Describe what happened:

kubernetes_state.* metrics are being double tagged with labels from the actual Pod and with kube-state-metrics labels

Describe what you expected:

For the labels from the actual pod refered to by kube-state-metrics to be tagged agains the metrics.

Steps to reproduce the issue:

kubernetes_state.yaml (this plugin is producing the correct tags)

ad_identifiers:
  - kube-state-metrics

init_config:

instances:
  - kube_state_url: http://kube-state-metrics.default.svc.cluster.local:8080/metrics

    label_joins:
      kube_pod_labels:
        label_to_match: pod
        labels_to_get:
          - label_app
          - label_type
          - label_version

    labels_mapper:
      label_app: kube_label_app
      label_type: kube_label_type
      label_version: kube_label_version

Snippet from kubernetes.yaml (this causes the mistagging with information from the kube-state-metrics pod)

kubernetes_pod_labels_as_tags:
  app: kube_label_app
  type: kube_label_type
  version: kube_label_version

Additional environment details (Operating System, Cloud provider, etc):

Kubernetes

ellieayla commented 5 years ago

This happens because of a collision between the labels you're using for tagging pods-under-monitoring and the kube-state-metrics pods having those tags too. I haven't found a way to get the Datadog agent to specialcase-ignore the labels from kube-state-metrics pods, so instead i have used other non-standard labels (system-app) for the kube-state-metrics deployment & its pods label-selector.
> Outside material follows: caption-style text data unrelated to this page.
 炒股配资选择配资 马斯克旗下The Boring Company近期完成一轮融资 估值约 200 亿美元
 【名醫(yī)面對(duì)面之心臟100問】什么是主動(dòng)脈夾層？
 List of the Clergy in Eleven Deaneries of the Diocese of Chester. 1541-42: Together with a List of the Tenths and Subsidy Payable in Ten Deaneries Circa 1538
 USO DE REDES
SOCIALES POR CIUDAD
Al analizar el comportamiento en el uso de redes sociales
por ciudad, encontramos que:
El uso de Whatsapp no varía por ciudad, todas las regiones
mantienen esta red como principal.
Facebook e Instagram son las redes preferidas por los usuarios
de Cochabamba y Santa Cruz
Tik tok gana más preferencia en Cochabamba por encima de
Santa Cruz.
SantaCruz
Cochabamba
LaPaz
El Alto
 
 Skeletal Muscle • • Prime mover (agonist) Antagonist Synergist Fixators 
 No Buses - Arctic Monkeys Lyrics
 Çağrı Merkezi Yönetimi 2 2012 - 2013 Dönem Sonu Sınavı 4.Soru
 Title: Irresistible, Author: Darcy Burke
duxing commented 4 years ago

Thanks for sharing this! I was wondering if someone from DataDog can help with the direction on this issue.

duxing commented 4 years ago

@mellowplace this is resolved for me by setting this flag in configuration: https://github.com/DataDog/integrations-core/blob/master/kubernetes_state/datadog_checks/kubernetes_state/data/auto_conf.yaml#L7

related release note you need to set the configuration to true explicitly if you use a configuration yaml. if you're still troubled by this issue you can try upgrading ur datadog chart to latest version (datadog-agent need to be 7.16/6.16 above) and update your config and that should work for you.